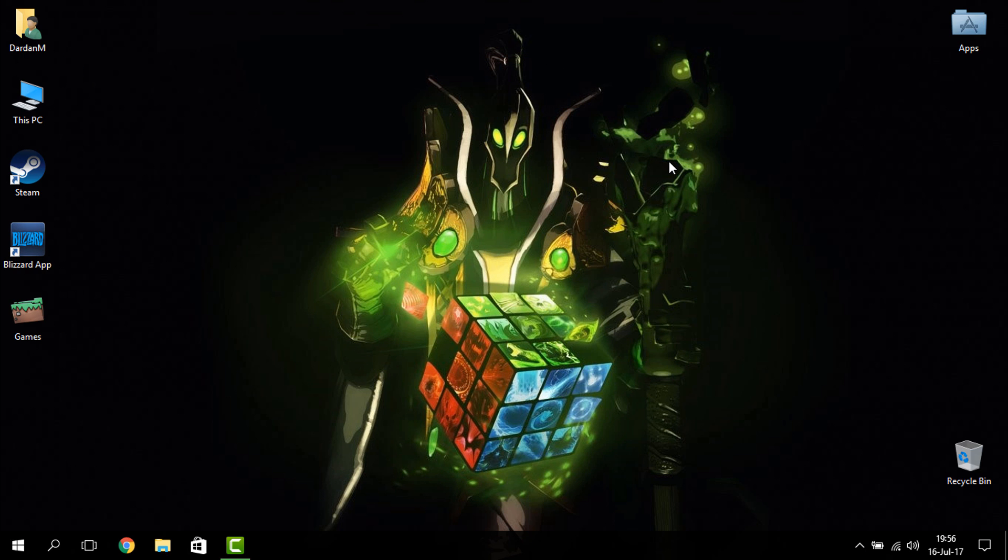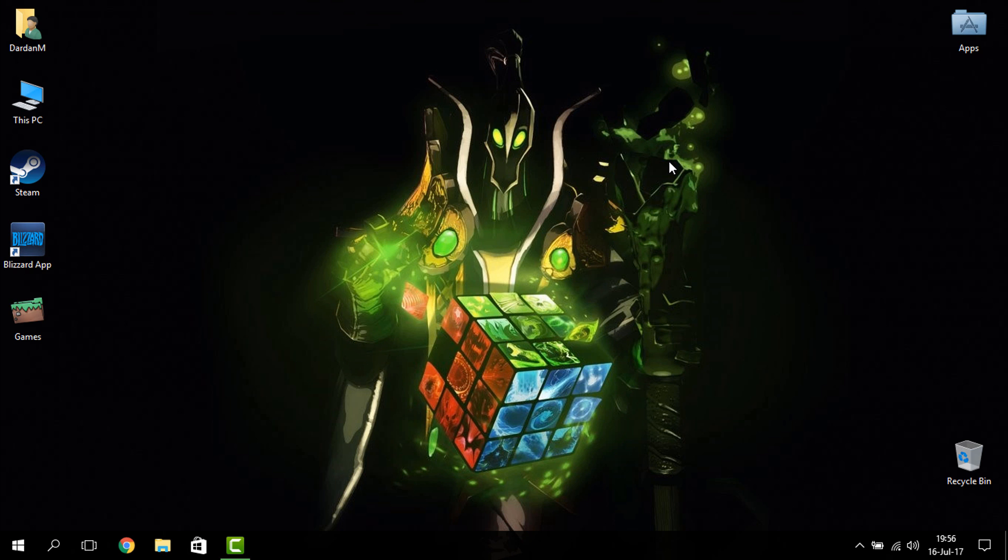But before I end the video, I just want to ask you guys to support this channel as I'm really trying to get into the YouTube thing. Thank you guys for watching, and as always I'll see you in the next one. Bye.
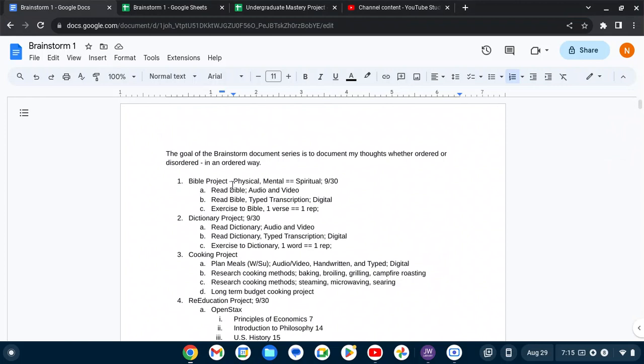So my plan is, I'm going to read it three different ways or two different ways. And then I'm going to exercise along with the audio and video.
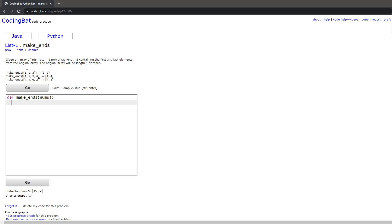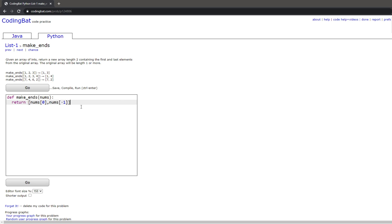So in order to do this, we will just be getting the first and last elements of the array. You can simply do this by returning a new array: nums[0] to get the first element, comma, nums[-1], closing bracket, and then the final closing bracket to complete the array.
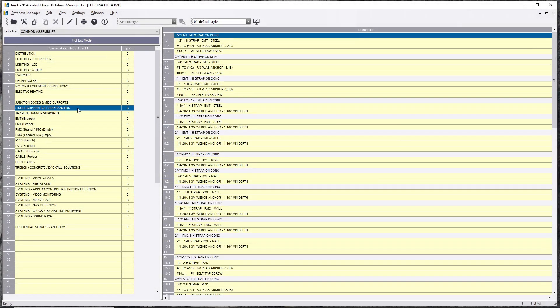Okay, so as everybody should be aware, you should have the database that comes with the program. It's found right on top: Electrical USA, NECA, IMP. It should be Imperial.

────────────────

▶ **Task to carry out**: Copy every line of the data word for word, omitting the images.

▶ **Written solution**:
But before I end the video, I just want to ask you guys to support this channel as I'm really trying to get into the YouTube thing. Thank you guys for watching, and as always I'll see you in the next one. Bye.
So my plan is, I'm going to read it three different ways or two different ways. And then I'm going to exercise along with the audio and video.
So in order to do this, we will just be getting the first and last elements of the array. You can simply do this by returning a new array: nums[0] to get the first element, comma, nums[-1], closing bracket, and then the final closing bracket to complete the array.
Okay, so as everybody should be aware, you should have the database that comes with the program. It's found right on top: Electrical USA, NECA, IMP. It should be Imperial.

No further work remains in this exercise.